Iron(II) bromide is an inorganic compound with the chemical formula FeBr2. The anhydrous compound is a yellow or brownish-colored paramagnetic solid.  Several hydrates of FeBr2 are also known, all being pale colored solids.  It is a common precursor to other iron compounds in research laboratory, but no applications exist for this compound.

Structure
Like most metal halides, FeBr2 adopts a polymeric structure consisting of isolated metal centers cross-linked with halides.

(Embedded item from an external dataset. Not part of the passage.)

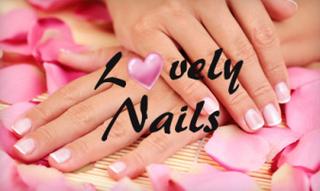 20% OFF ON ALL SERVICES $20 OR MORE AT LOVELY NAILS 20% off on all services $20 or more at lovely nails Fine Print Use your Valpak coupon for 20% savings at Lovely Nails, Sea Girt, NJ. We offer deluxe spa pedicure, manicure & pedicures, full set of gel nails, arcrylic and lcn and waxing.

It crystallizes with the CdI2 structure, featuring close-packed layers of bromide ions, between which are located Fe(II) ions in octahedral holes. The packing of the halides is slightly different from that for FeCl2, which adopts the CdCl2 motif.  The tetrahydrates FeX2(H2O)4 (X = Cl, Br) have similar structures, with octahedral metal centers and mutually trans halides.

Synthesis and reactions
FeBr2 is synthesized using a methanol solution of concentrated hydrobromic acid and iron powder. It adds the methanol solvate [Fe(MeOH)6]Br2 together with hydrogen gas. Heating the methanol complex in a vacuum gives pure FeBr2.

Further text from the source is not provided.